Published by on February 5th, 2006
The web moves fast, admittedly, but the number of freelance project postings asking for hand coded HTML skills - often from existing web developers who should know better - is kinda winding me up.
We’ve had W3C standards in place for long enough now for anyone but the total part-time newbie novice to know that HTML is now obsolete for web development: long live XHTML.
Yes, XHTML is one awkward letter more to type or say, but the still broad use of HTML in reference to web page construction perpetuates the lack of respect for skills in this industry. Ask anyone who really knows their stuff* and they will wholeheartedly agree that true cross-platform, cross-browser XHTML/CSS development is a holy grail with a journey mined with non standards-compliant web browsers (yes, Microsoft, I mean you).

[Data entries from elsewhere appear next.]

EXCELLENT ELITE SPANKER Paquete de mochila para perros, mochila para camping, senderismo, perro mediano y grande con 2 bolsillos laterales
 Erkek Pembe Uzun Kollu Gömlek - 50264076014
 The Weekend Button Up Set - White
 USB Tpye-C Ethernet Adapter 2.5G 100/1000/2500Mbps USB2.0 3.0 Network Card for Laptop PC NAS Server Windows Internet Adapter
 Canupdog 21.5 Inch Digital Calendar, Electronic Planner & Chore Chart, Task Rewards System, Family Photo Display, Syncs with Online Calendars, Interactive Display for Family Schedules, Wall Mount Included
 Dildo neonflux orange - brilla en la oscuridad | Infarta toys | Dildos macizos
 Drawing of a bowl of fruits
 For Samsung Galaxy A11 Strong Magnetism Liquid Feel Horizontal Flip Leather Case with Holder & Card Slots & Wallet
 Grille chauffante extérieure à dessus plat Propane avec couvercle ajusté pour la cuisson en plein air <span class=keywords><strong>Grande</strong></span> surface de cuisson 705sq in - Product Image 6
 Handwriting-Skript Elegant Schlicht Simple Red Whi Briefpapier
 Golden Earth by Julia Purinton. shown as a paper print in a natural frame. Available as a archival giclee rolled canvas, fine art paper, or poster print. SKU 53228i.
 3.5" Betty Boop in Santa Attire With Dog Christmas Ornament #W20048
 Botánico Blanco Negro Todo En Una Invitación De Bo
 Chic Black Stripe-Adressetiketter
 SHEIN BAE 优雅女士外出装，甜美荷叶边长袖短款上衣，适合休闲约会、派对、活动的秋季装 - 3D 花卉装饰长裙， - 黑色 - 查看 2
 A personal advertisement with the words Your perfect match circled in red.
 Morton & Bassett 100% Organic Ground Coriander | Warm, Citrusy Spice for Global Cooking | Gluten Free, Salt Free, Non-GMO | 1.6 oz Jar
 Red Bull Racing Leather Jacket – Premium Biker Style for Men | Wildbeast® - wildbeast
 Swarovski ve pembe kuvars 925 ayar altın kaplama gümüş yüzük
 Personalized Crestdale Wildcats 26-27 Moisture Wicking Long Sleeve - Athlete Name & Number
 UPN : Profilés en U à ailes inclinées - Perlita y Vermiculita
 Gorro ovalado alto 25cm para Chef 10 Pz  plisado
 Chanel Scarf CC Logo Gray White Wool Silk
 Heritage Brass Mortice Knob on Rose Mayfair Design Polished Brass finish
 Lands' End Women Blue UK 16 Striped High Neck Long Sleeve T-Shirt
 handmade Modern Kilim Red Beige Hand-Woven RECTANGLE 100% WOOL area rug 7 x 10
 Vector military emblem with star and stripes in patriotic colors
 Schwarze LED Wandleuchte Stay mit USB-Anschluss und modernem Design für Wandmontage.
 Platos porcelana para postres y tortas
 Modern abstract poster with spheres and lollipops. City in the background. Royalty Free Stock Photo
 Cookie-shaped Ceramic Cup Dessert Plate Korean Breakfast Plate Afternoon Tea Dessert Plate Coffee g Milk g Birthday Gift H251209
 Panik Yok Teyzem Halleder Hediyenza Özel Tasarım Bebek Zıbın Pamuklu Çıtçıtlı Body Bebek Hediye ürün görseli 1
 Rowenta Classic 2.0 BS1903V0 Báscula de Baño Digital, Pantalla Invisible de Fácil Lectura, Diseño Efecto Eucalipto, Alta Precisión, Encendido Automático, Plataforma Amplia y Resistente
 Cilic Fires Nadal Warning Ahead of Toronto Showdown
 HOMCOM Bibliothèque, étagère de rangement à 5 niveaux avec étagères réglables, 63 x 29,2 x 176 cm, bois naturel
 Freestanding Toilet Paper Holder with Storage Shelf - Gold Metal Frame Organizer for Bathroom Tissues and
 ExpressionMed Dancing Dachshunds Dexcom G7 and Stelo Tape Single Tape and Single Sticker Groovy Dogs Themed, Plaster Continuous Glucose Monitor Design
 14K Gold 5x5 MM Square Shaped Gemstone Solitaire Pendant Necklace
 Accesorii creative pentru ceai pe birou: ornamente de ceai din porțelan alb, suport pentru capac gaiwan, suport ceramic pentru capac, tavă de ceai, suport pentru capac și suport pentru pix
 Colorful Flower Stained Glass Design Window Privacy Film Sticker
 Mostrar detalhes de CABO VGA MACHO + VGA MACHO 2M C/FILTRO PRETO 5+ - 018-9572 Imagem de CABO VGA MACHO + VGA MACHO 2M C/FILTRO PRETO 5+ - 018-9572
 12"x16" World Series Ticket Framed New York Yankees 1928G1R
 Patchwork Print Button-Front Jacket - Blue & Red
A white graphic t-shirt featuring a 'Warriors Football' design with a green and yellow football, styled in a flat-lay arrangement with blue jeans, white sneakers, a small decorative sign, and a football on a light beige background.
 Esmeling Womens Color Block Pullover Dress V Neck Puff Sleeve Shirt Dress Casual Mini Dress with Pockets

With W3C standards in place, us web developers have the perfect excuse to measure what we do against a ‘proper’ way of doing it. There is now a right and wrong in our world. Why then do so many still choose to ignore it?
Budgets are often the cause. Cross browser/platform compliant code takes longer and therefore costs more. So corners are cut and the minority browsers - you know, those who actually do things properly - are still far too often ignored.
Here comes IE7
In our attempt to standardise, we now develop for compliant browsers, then hack the CSS to whip Internet Explorer on Windows into behaving itself along with the others. With the imminent release of IE7 - still not standards compliant yet with the terrifying promise of rendering our CSS hacking impotent - website layouts all over the land could be breaking in ways we never dreamed possible. Tears will be shed. Clients will be busting veins.
Alas I fear this will merely bolster the argument to leave web standards well alone, after all, was it not the pursuit of web standards which led to these broken web layouts in the first place.
Developers may have a fight on their hands. Perhaps now, with IE7 still in beta, there is time to get out there and educate current and future clients alike that standards are a good thing in the long term who knows, with actual use of Internet Explorer dropping - it may well be the most installed browser but the shift to Firefox cannot be denied, and my web stats are evidence of such - even the almighty Microsoft might finally accept the global benefits in accepting web development standards.
* This was something of a trick suggestion. How many people do you actually know who are genuine cross-browser cross-platform XHTML/CSS developers - and I don’t mean those who just stick it on their CVs just to use what appear to be cool buzz-words. XHTML for Dummies is not going to get you out of that hole!